Trackers leaking bank account data

A Finnish online bank used to include a US-based third-party analytics and tracking script in all of its pages. Ospi first wrote about it (in Finnish) in February 2015, and this caused a bit of a fuss.

The bank responded to users' worries by claiming that all information is collected anonymously:

[Image: A tweet by the bank, in Finnish. Translation: Our customers' personal data will not be made available to Google under any circumstances. Thanks to everyone who participated in the discussion! (2/2)]

But is it true?

As Ospi notes, a plethora of information is sent along the HTTP request for the tracker script. This includes, of course, the IP address of the user; but also the full URL the user is browsing. The bank's URLs reveal quite a bit about what the user is doing; for instance, a user planning to start a continuous savings contract will send the url continuousSavingsContractStep1.do.

I logged in to the bank (using well-known demo credentials) to record one such tracking request. The URL sent to the third party tracker contains a cleartext transaction archive code that could easily be used to match a transaction between two bank accounts, since it's identical for both users. But there's also a hex string called accountId (highlighted in red).

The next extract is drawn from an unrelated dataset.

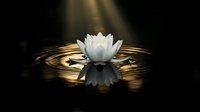 White lotus flower floating on dark water with golden ripples and dramatic sunlight rays creating peaceful zen meditation atmosphere.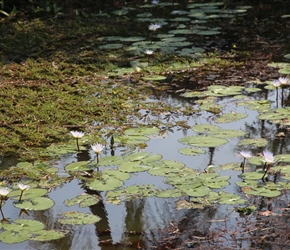 Water Lillies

Remote Address: 80.***.***.***:443
Request URL:    https://www.google-analytics.com/collect?v=1&_v=j33&a=870588619&t
                =pageview&_s=1&dl=https%3A%2F%2Fonline.********.fi%2Febank%2Facco
                unt%2FinitTransactionDetails.do%3FbackLink%3Dreset%26accountId%3D
                69af881eca98b7042f18e975e00f9d49d5d5ee64%26rowNo%3D0%26type%3Dtra
                ns%26archivecode%3D20150220123456780002&ul=en-us&de=windows-1252&
                dt=Tilit%C2%A0%7C%C2%A0Verkkopankki%20%7C%20S-Pankki&sd=24-bit&sr
                =1440x900&vp=1440x150&je=1&fl=16.0%20r0&_u=QACAAQQBI~&jid=&cid=18
                39557247.1424801770&uid=&tid=UA-37407484-1&cd1=&cd2=demo_accounts
                &cd3=%2Ffi%2F&z=2098846672
Request Method: GET
Status Code:    200 OK

It's 40 hex characters long, which is 160 bits. This happens to be the length of an SHA-1 hash.

Could it really be a simple hash of the user's bank account number? Surely they would at least salt it.

Let's try!

The demo account's IBAN code is FI96 3939 0001 0006 03, but this doesn't give us the above hash. However, if we remove the country code, IBAN checksum, and all whitespaces, it turns out we have a match!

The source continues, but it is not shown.